Conférence de Anne Lacheret, professeur en sciences du langage à l’université de Paris ouest Nanterre.
Enregistrement
Je célèbre la voix mêlée de couleur grise
Qui hésite aux lointains du chant qui s’est perdu
Comme si au delà de toute forme pure
Tremblât un autre chant et le seul absolu
Y. Bonnefoy
Dans les interactions langagières au quotidien, la voix est convoquée pour transmettre des informations, décrire des situations, raconter des histoires, exprimer un point de vue, convaincre, etc. Elle se fait oublier dans les paroles prononcées, mais elle agit aussi à travers elles, et elle est mémoire par son timbre, son intensité, sa texture, ses modulations, en un mot : sa prosodie.

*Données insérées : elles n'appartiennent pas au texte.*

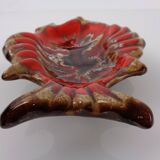 French studio ceramic bowl with fish from Vallauris, 1970s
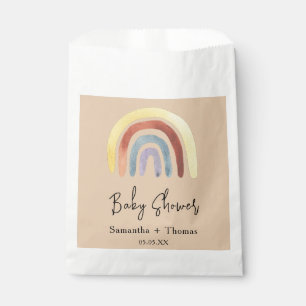 Boho-Regenbogen-Baby-Party Geschenktütchen
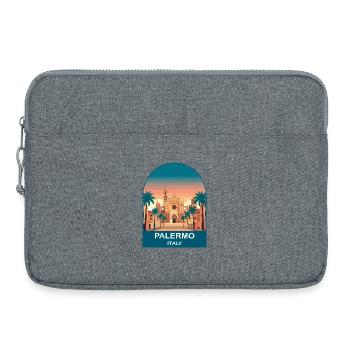 Palermo Italien Vintage-Reiseplakat-Kunst - Laptoptasche 15" - Grau meliert - Vorne
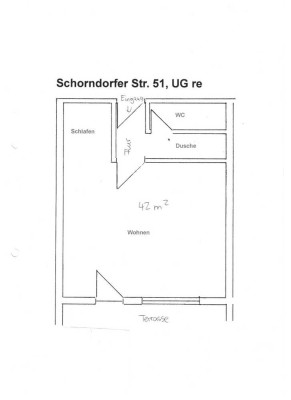 1-Zimmer Wohnung in Reichenbach an der Fils - EBK und Terrasse teilmöbiliert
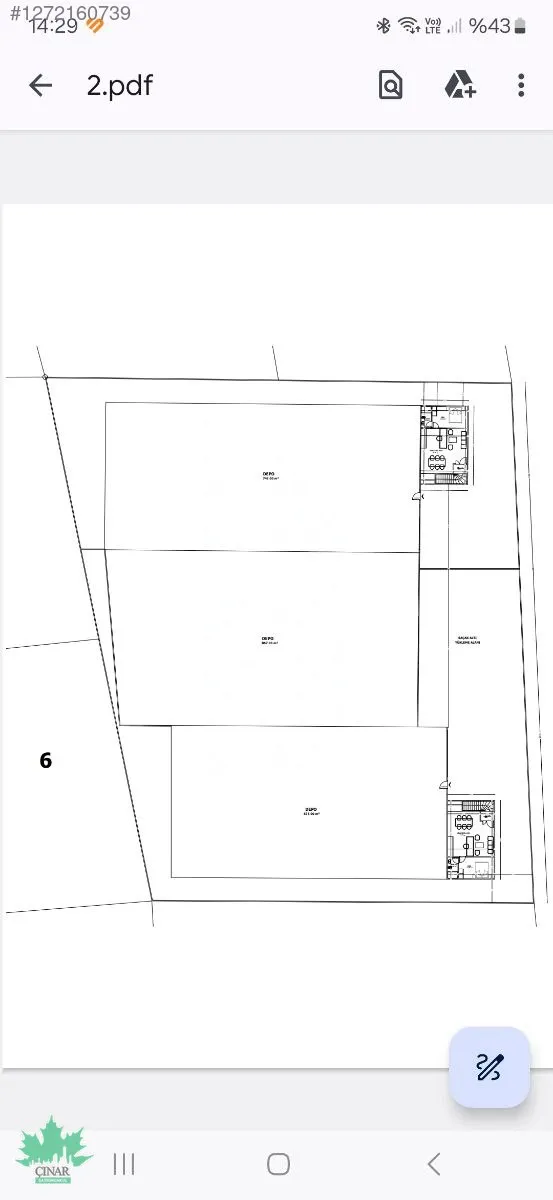 Sasalı'da 3.556 m² Arsa Üzerinde Satılık Fabrika - küçük resim 9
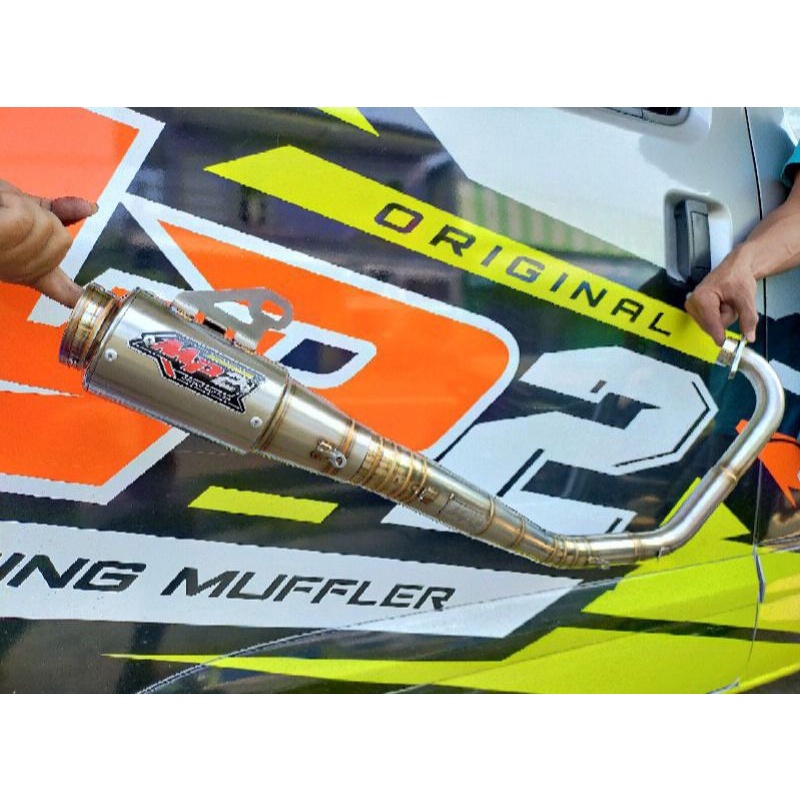 Knalpot mx king mp2 muffler type SR-9 New
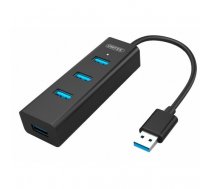 Unitek HUB 4x USB 3.0; BC1.2; BLACK; Y-3089 | NUUNIUS4P000016  | 4894160017222 | Y-3089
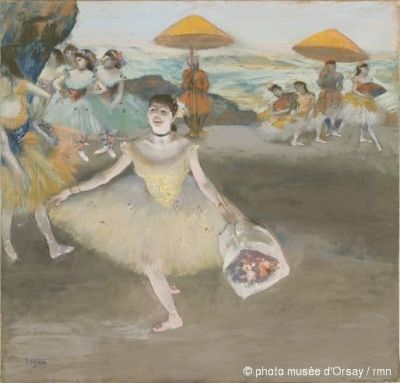 art oil painting reproduction of  Edgar Degas Dancer With A Bouquet Bowing museum quality handmade
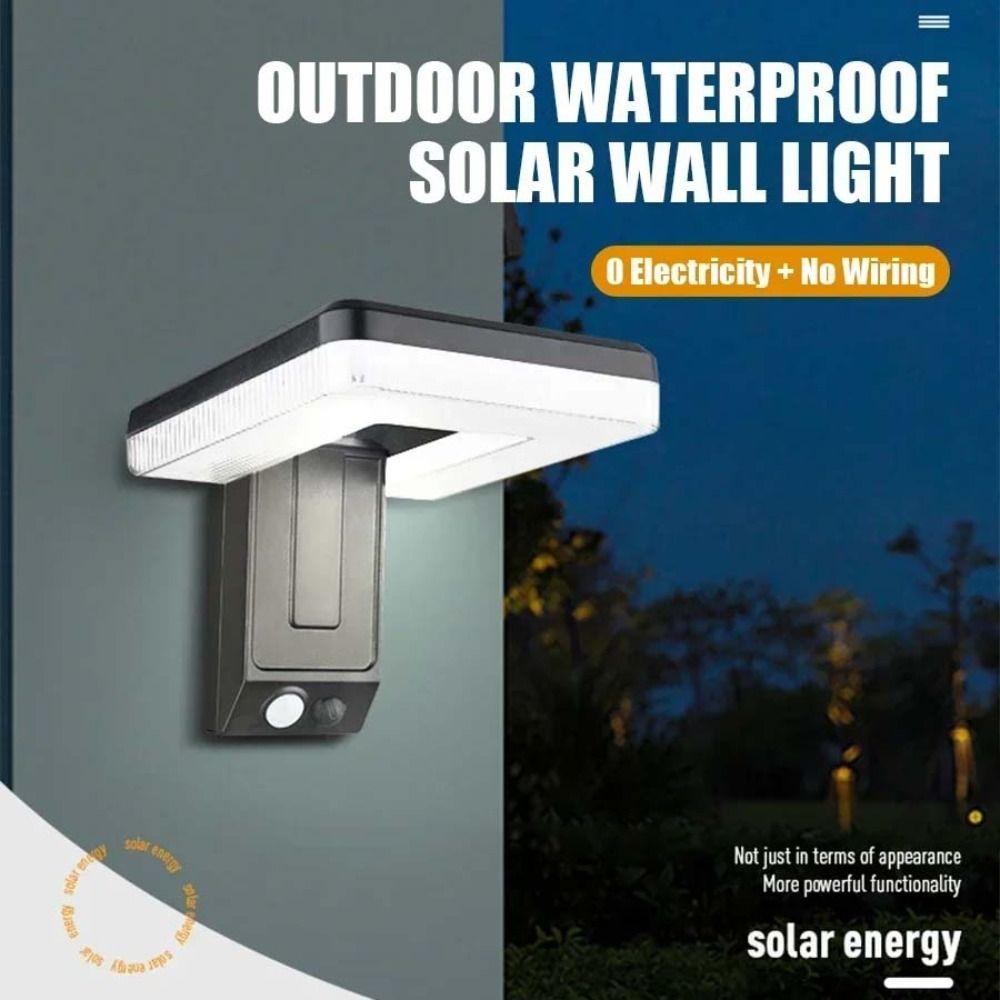 120 Degree Foldable LED Solar Light Motion Sensor 3 Modes Solar Garden Lamp Waterproof Rechargeable Outdoor Wall Lamp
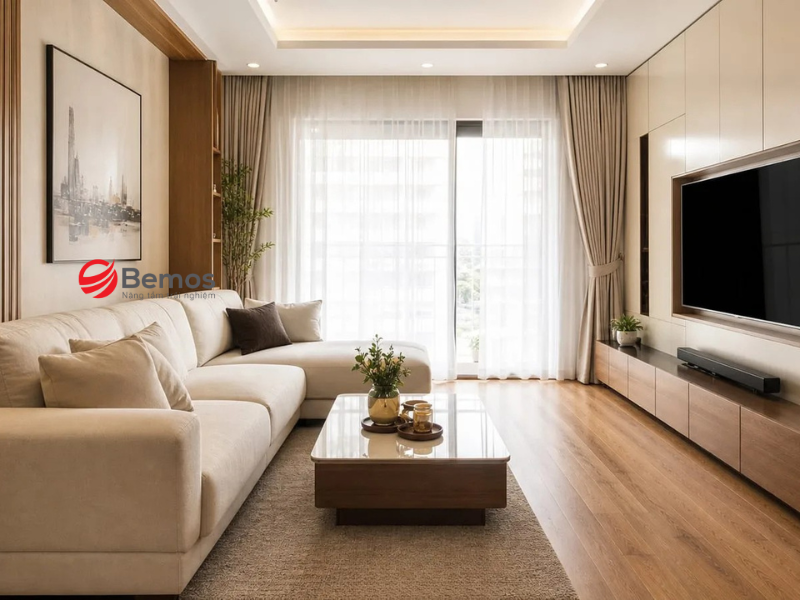 Đặc điểm không gian phòng khách căn hộ chung cư hiện nay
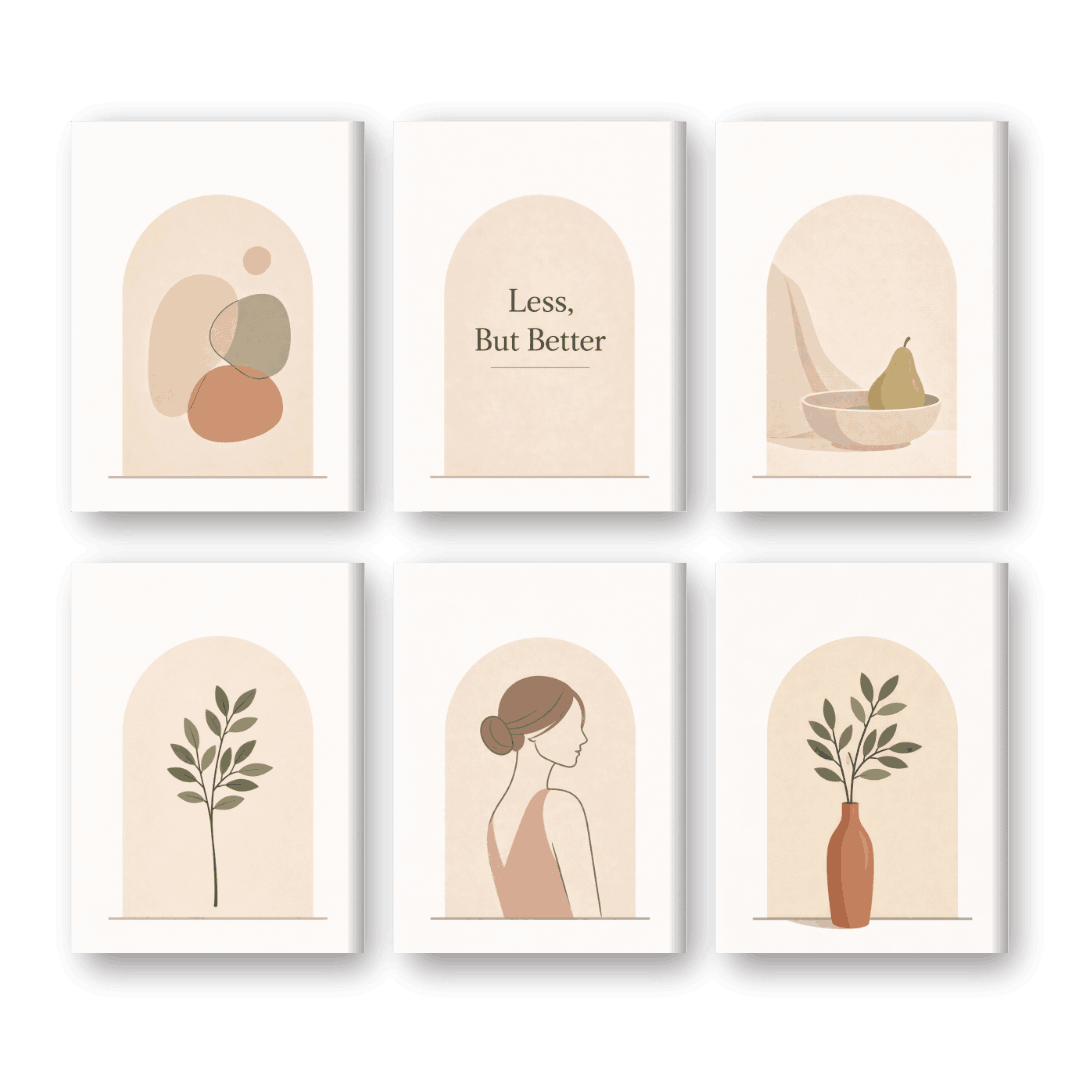 6 Mini Paintings | Simple Living Set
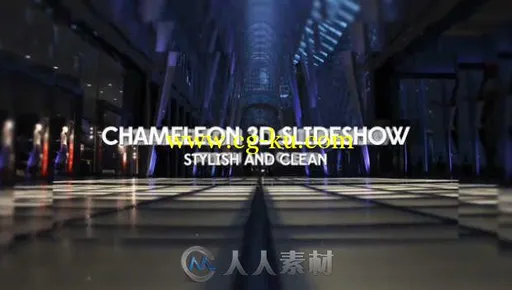 3D美丽变换相册动画AE模板 Pond5 Chameleon 3D Slideshow的图片1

Avec la prosodie, un phonostyle s’inscrit fluctuant selon les époques, les situations de communication et les genres de discours qu’elles engendrent. C’est donc d’expressivité vocale dont il sera question dans cette communication, consacrée à la dimension sémiologique de la voix. Tour à tour signe et signal, l’expressivité vocale n’intervient pas seulement dans des situations de communication stéréotypées, qui exigent une rhétorique bien rodée et témoignent d’un « acte social pur » ; elle se constitue naturellement d’abord au cours des interactions de la vie quotidienne, la voix s’y donne, s’y perd, s’y construit, s’y déconstruit et s’y reconstruit et, chemin faisant, parle de nous au plus profond de l’intime, dit nos émotions, nos sentiments, bref : porte les traces indélébiles de notre passage .
Finalement, cette voix qui parle de nous est bien une signature qui s’inscrit dans la mémoire de ceux qui l’entendent et se donnent également la peine de l’écouter pour ne pas l’oublier. Les ressources mobilisées pour étudier scientifiquement cette voix, qui se fait tour à tour mémoire collective et individuelle, sont multiples (physiologiques, culturelles, ethnologiques, sociales, artistiques, langagières, etc.).
C’est des ressources physiologiques et langagières dont il sera question dans cette communication au regard de différents usages, dans une perspective à la fois historique (variation du style vocal au gré des époques) et contemporaine (variation des phonostyles selon les situations de communication et l’état affectif du sujet parlant).